In SGA4, the first axiom of a Grothendieck pretopology is given as:
PT0: Pour tout objet $X$ de $C$, les morphismes des familles de morphismes de $Cov(𝑋)$ sont quarrables. (Rappelons qu’un morphisme $Y \to X$ est dit quarrable si pour tout morphisme $Z \to X$ le produit fibré $Z \times_X Y$ est représentable).
A translation of this is :
If $\{U_i \to U \}$ is a covering and $f : V \to U$ any morphism, then all $U_i Ă—_U V$ exist.
I'm wondering how the quantifiers are to be parsed in this. There's two ways I can see reading this axiom:
- For each morphism $g_i : U_i \to U $ in a covering family $F \in Cov(U)$, and for each $f : V \to U$, the pullback of $g_i$ and $f$ exists
- For every covering family $F \in Cov(U)$ and morphism $f : V \to U$, there is a pullback between $f$ and $F$, i.e. a single fiber-product of $f$ and all $(f_i : U_i \to U) \in F$
i.e.
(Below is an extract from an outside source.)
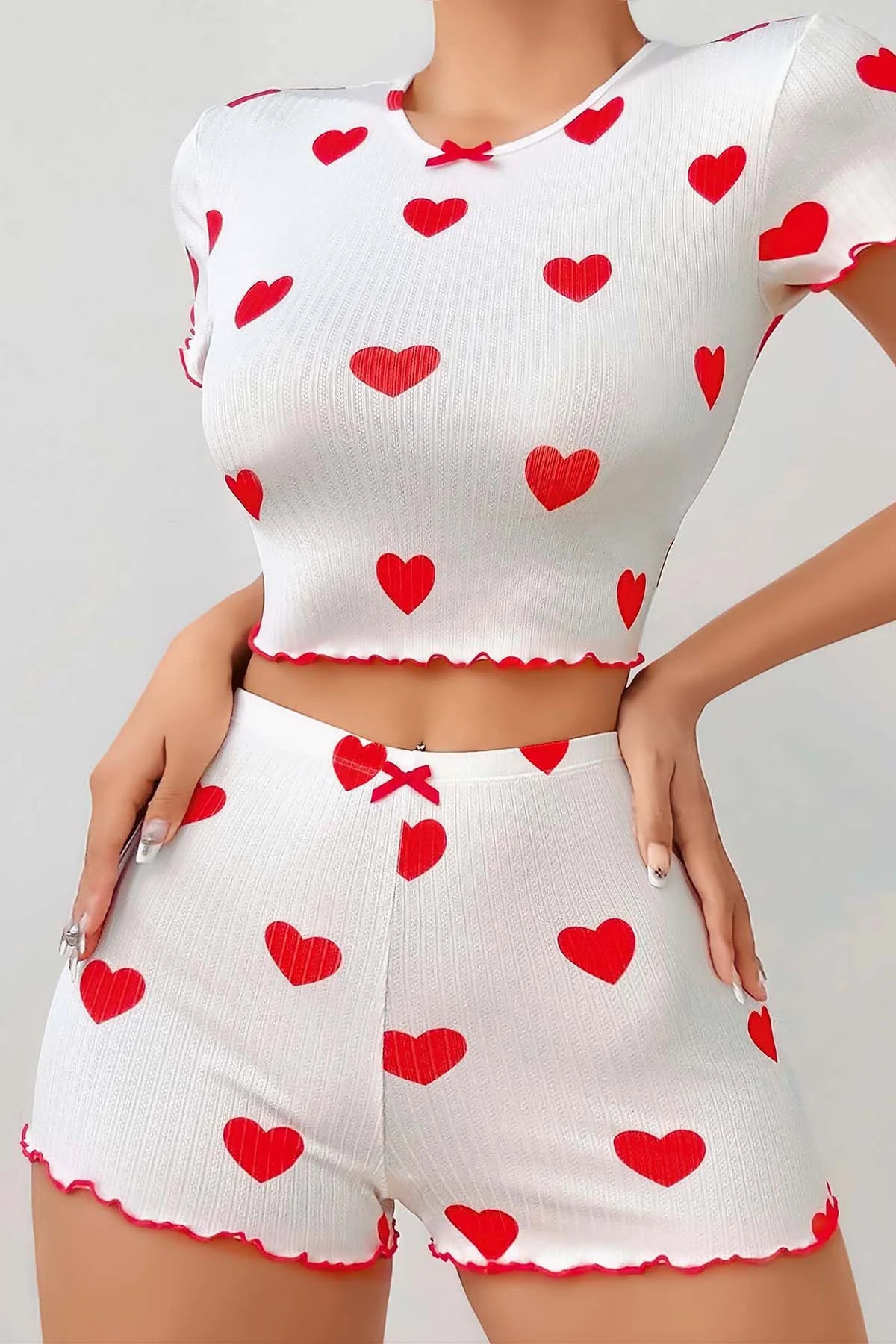 Heart Patterned Ruffled Shorts Pajama Set - Denoss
Is there a pullback for each morphism in a covering family, or is there one pullback for the whole family?
(1) seems to go against my intuition for covering: the entire family taken together covers $U$, so why should a single morphism in the family have to have a pullback with an arbitrary morphism?
But (2) leaves me unclear about what it means to have a pullback between a morphism and a whole family of morphisms.
Which is the intended reading of the definition? Is there a reference that spells this out explicitly? I've had trouble, since most references assume you're working in a category with all pullbacks and hence don't need this axiom.